O demónio somos nós todos


O "espírito imundo" responde, à interpelação de Jesus, "Legião é o meu nome, porque somos muitos" (Marcos 5:9), ou "Legião (porque tinham entrado nele muitos demónios)" (Lucas 8:30). E a Legião, exorcisada, apodera-se de uma vara de porcos, na terra dos gerasenos (ou gadarenos), defronte da Galileia. Os porcos suicidam-se, ilustrando o triunfo do bem e o trânsito do mal para uma natureza inferior e conspurcada, em direcção à sua derrota e eliminação.
Na sua homilia vigésima-oitava sobre o Evangelho segundo São Mateus, São João Crisóstomo esclarecerá que se trata de uma metáfora sobre a dupla natureza humana, representando os porcos a natureza bestial do homem, na qual o Diabo se insinua para nela plantar as sementes do fim da espécie. Em contraponto, Tertuliano (em Adversus Marcionem) e São Jerónimo (nos seus Comentários sobre o Evangelho segundo São Mateus) enaltecem o poder redentor de Cristo sobre as Legiões do Mal.
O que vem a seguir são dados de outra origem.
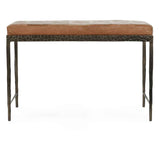 Malo Chestnut Brown Leather Bench by Classic Home at Eve Furniture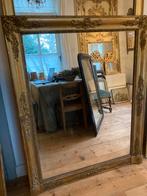 Grote antieke franse rechthoekige bladgouden schouwspiegel, Ophalen, Rechthoekig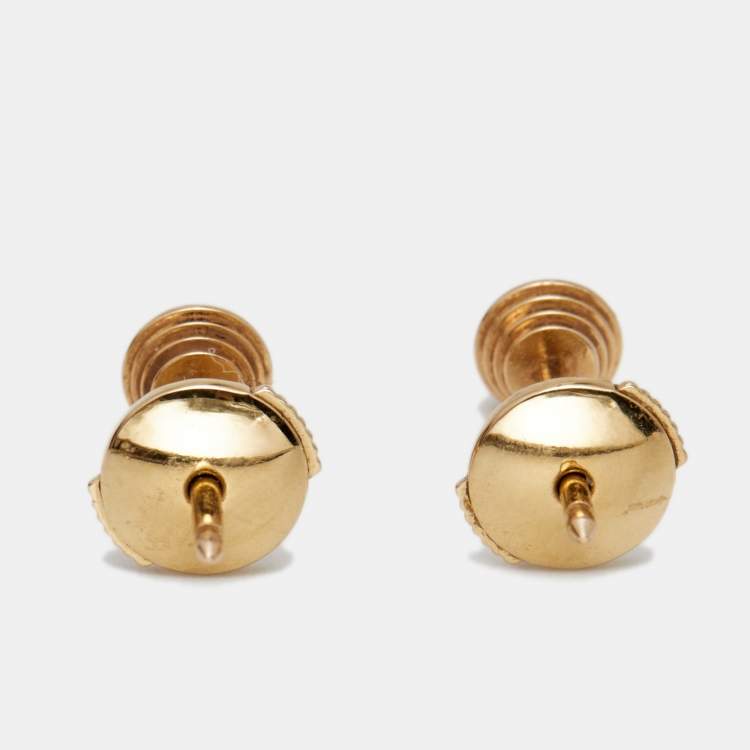 Pre Owned Cartier D'amour Diamond 18k Rose Gold Stud Earrings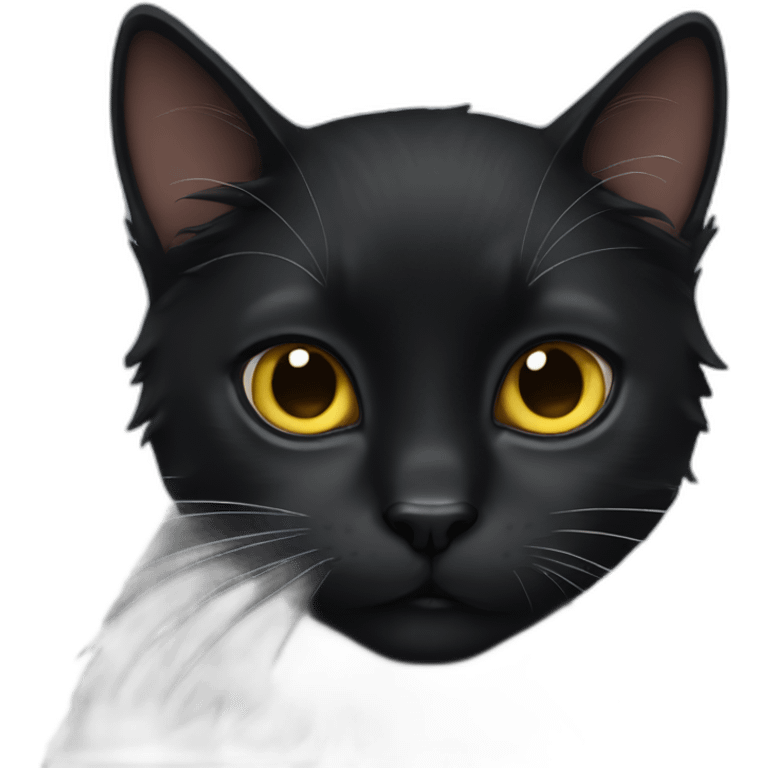 Black cat with hair tie emoji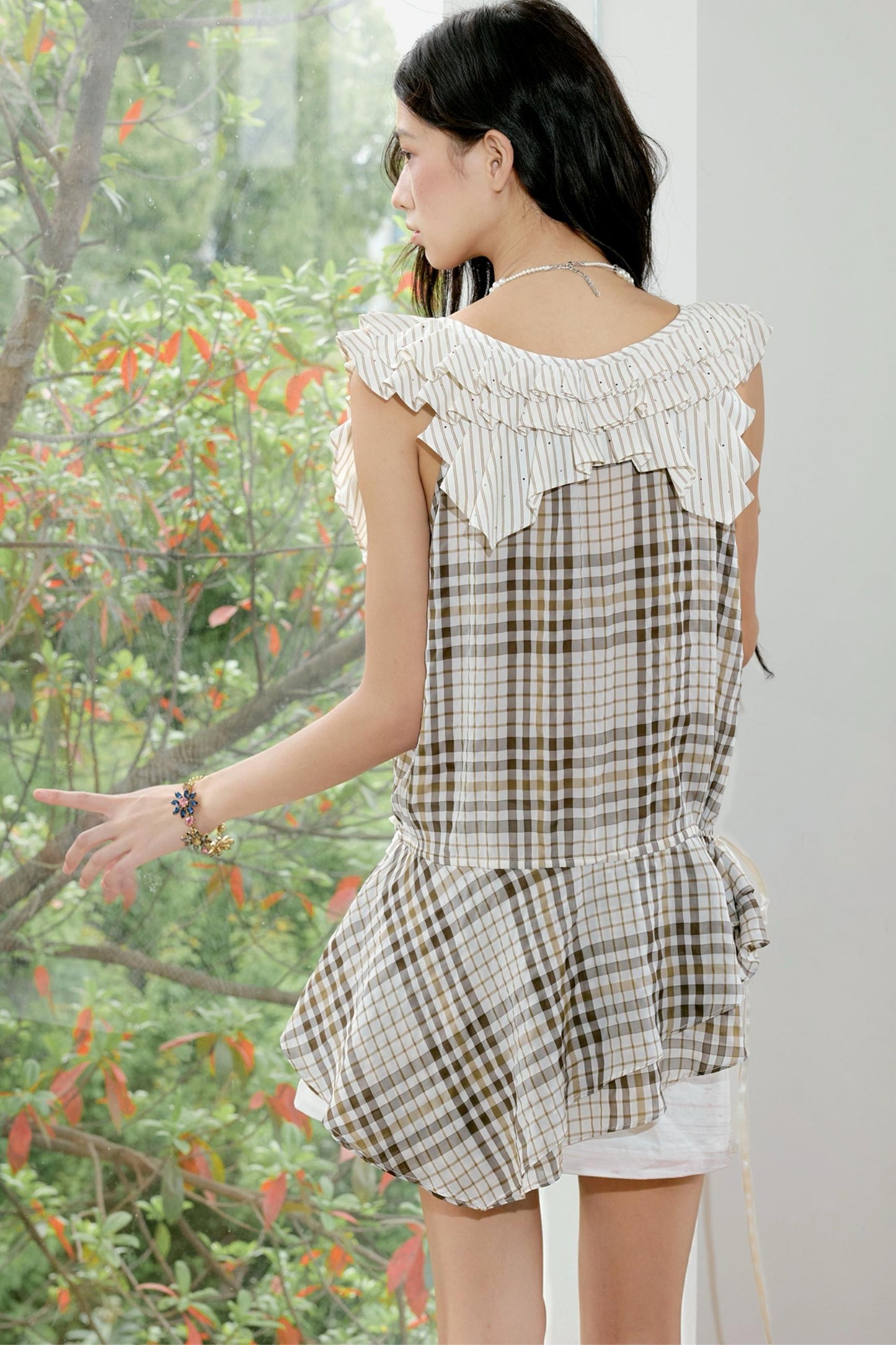 Coffee Check Striped Ruffled Collar Top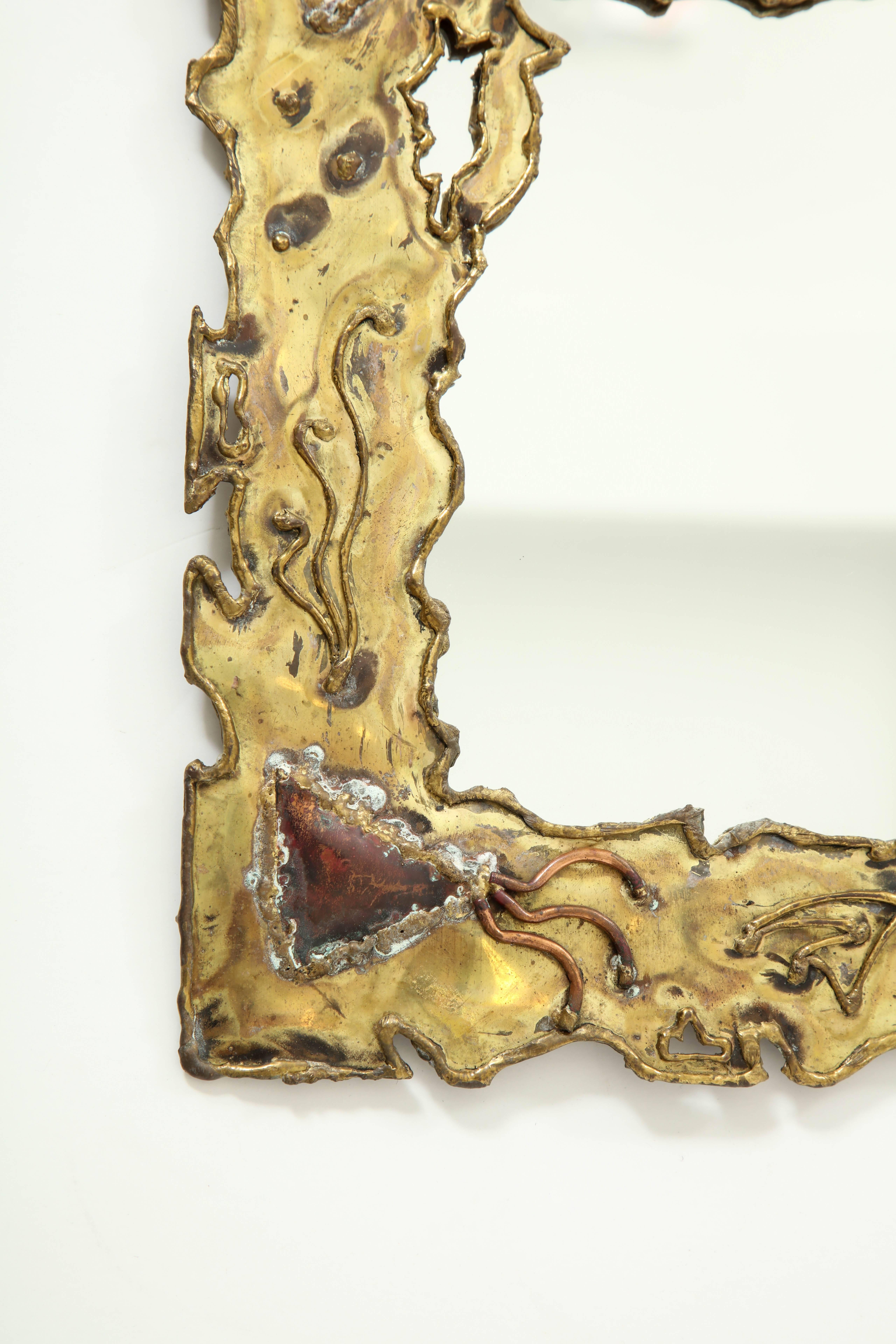 American Brutalist Brass Mirror, circa 1950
Em Twelfth Night o puritano e escarnecido Malvolio pode começar a ser suspeito de alguma perturbação, mas Sir Toby Belch observa: "Which way is he, in the name of sanctity? If all / the devils of hell be drawn in little, and Legion / himself possessed him, yet I'll speak to him." E no Merchant of Venice o bardo de Stratford evoca o episódio bíblico, fazendo Shylock responder a Bassanio: "Yes, to smell pork; to eat of the habitation which / your prophet the Nazarite conjured the devil into."
A vergonha da nossa natureza animal (da nossa primeira natureza, da nossa natureza determinista e criada) faz-nos procurarmos a sua negação ou a sua transcendência. Colocamo-nos no zénite da criação, no ápice da Grande Cadeia do Ser - por vaidade, o que equivale a dizer, por medo de que o abandono ao vector descendente da nossa alma platónica nos condene irreversivelmente à condição de alimárias, de brutos.
A doutrina, como na anedota, dividir-se-á, no caso entre optimistas e pessimistas antropológicos:
a) de um lado, Milton seguirá a linha de Tertuliano, enaltecendo o poder do exorcismo: "Hereafter learn with awe / To dread the Son of God. He, all unarmed, / Shall chase thee, with the terror of his voice, / From thy demoniac holds, possession foul - / Thee and thy legions; yelling they shall fly, / And beg to hide them in a herd of swine, / Lest he command them down into the Deep, / Bound, and to torment sent before their time.  / Hail, Son of the Most High, heir of both Worlds, / Queller of Satan!" (Paradise Regained)
b) de outro lado, lembrando as aleivosias de Circe e a hubris dos navegadores em demanda de Ítaca, o texto criptografado de James Joyce remeterá veladamente para a visão de João Cristóstomo sobre o episódio bíblico: "STEPHEN Dance of death. (Bang fresh barang bang of lacquey's bell, horse, nag, steer piglings, Conmee on Christass lame crutch and leg sailor in cockboat armfolded ropepulling hitching stamp hornpipe' through and through, Baraabum! On nags, hogs, bellhorses, Gadarene swine, Corny in coffin. Steel shark stone one handled Nelson, two trickies Frauenzimmer plumstained from pram falling bawling. Gum, he's a champion. Fuseblue peer from barrel rev. evensong love on hackney jaunt Blazes blind coddoubled bicyclers Dilly with snowcake no fancy clothes. Then in last wiswitchback lumbering up and down bump mash tub sort of viceroy and reine relish for tublumber bumpshire rose. Baraabum!)"   (Ulysses, episódio de Circe)
Oscilo constantemente; hoje sinto-me mais próximo da visão pessimista, auscultando-me a mim mesmo.